◆ WHAT TO DO ◆
All lines from the one containing "FIAT 500C 1.2 Lounge-image-8" to the end of the listing below should be output exactly; omit the pictures.
[DATASET EXTRACT]
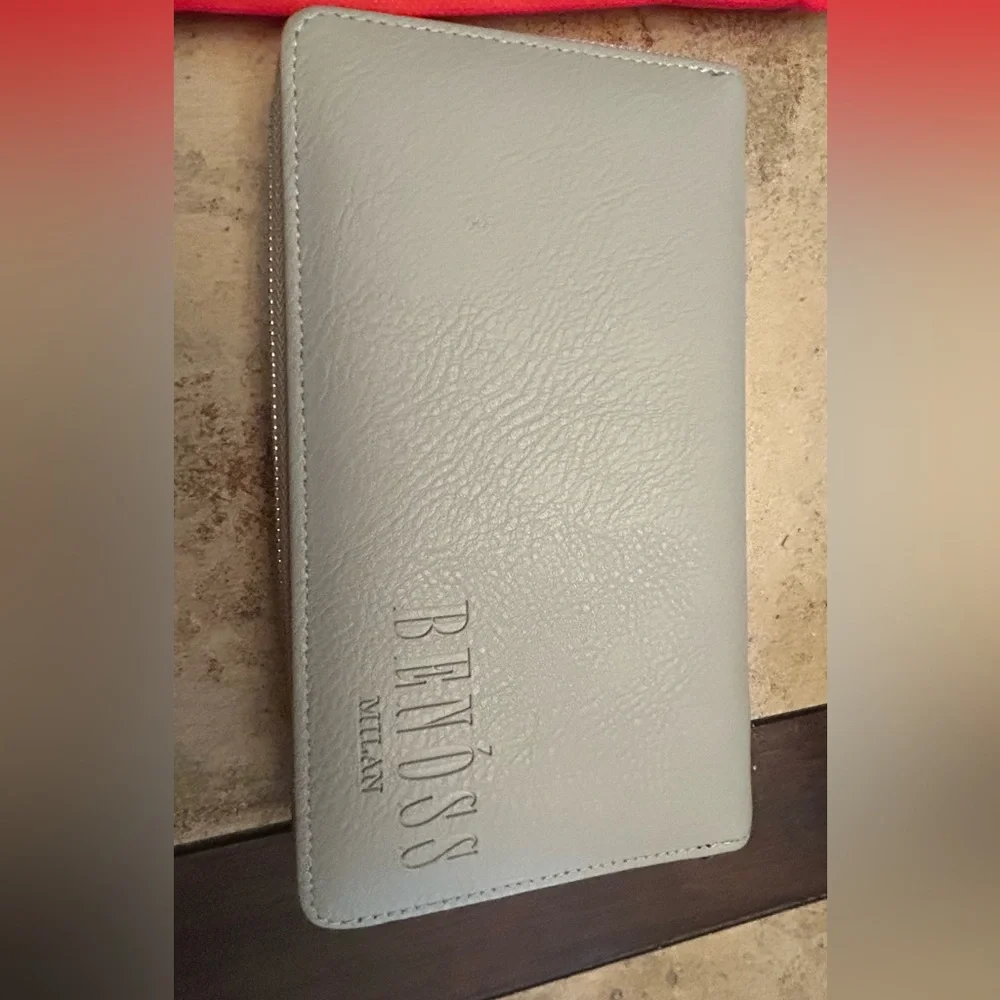 Benoss Milan Zip Around Wallet Gray Vegan Clutch 8.5”x 5” Silver Toned Hardware - Picture 5 of 5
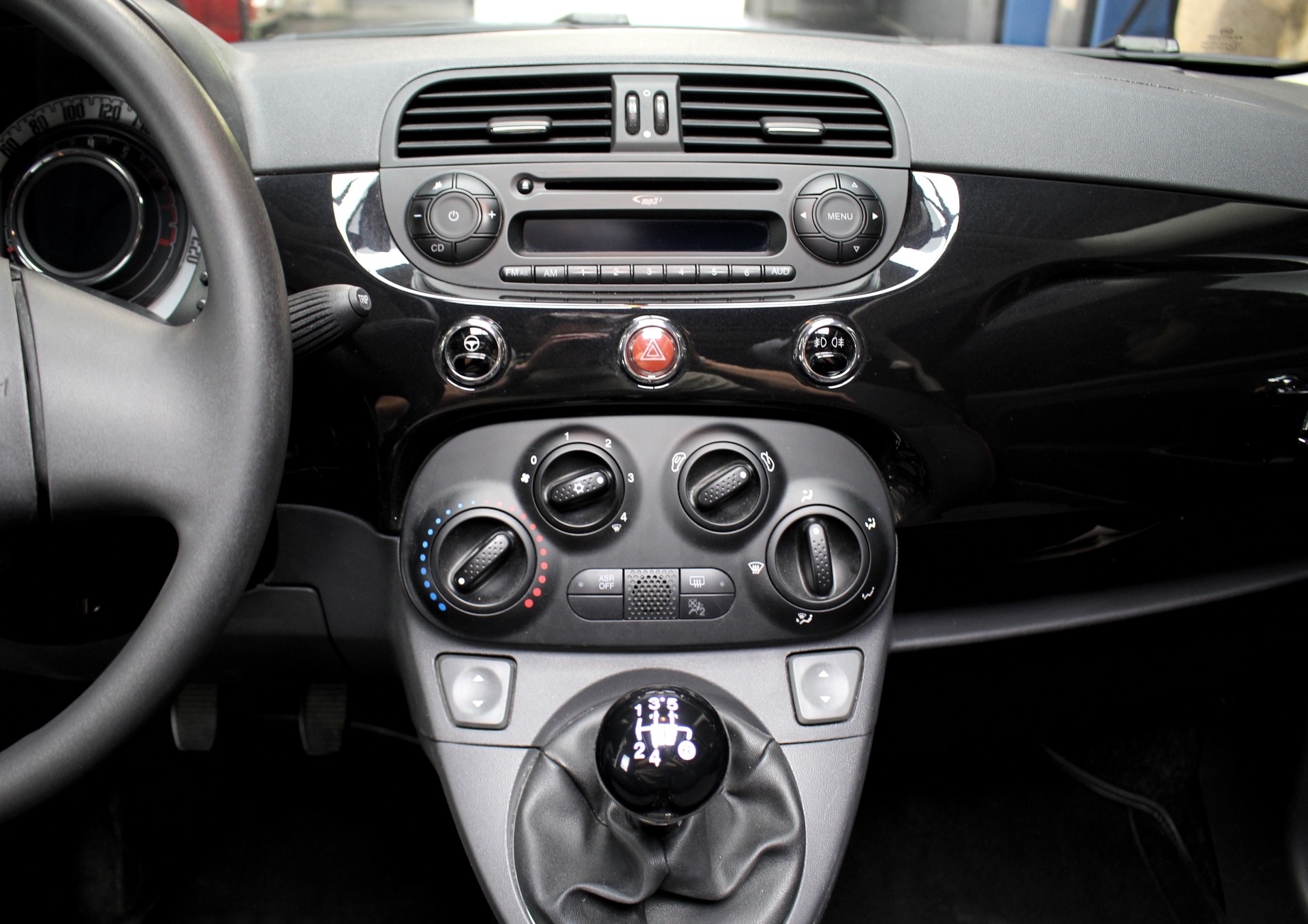 FIAT 500C 1.2 Lounge-image-8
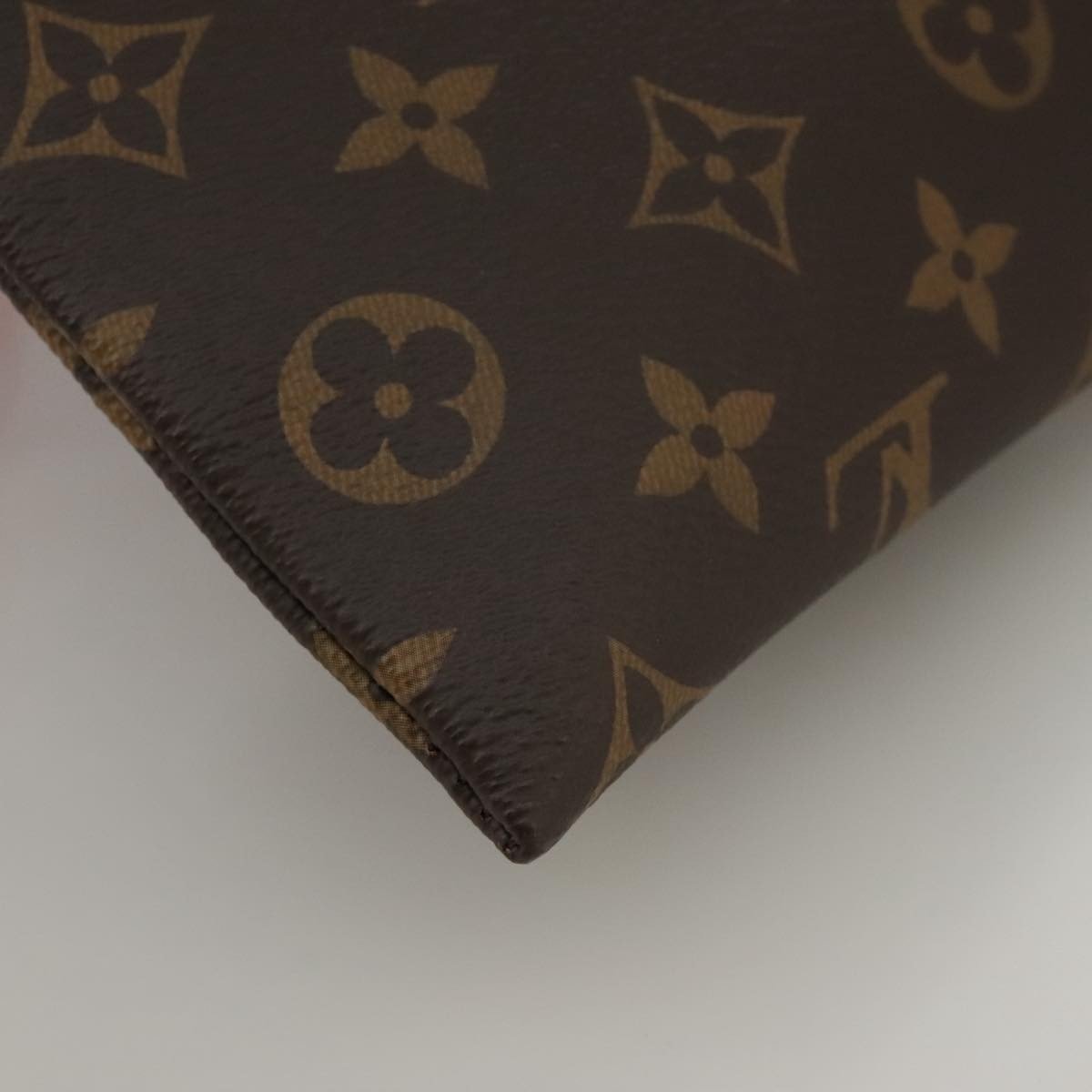 Louis Vuitton Solar Ray A4 Pouch - Brandsamsara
[/DATASET EXTRACT]
◆ RESPONSE TO THIS TASK ◆
 FIAT 500C 1.2 Lounge-image-8
 Louis Vuitton Solar Ray A4 Pouch - Brandsamsara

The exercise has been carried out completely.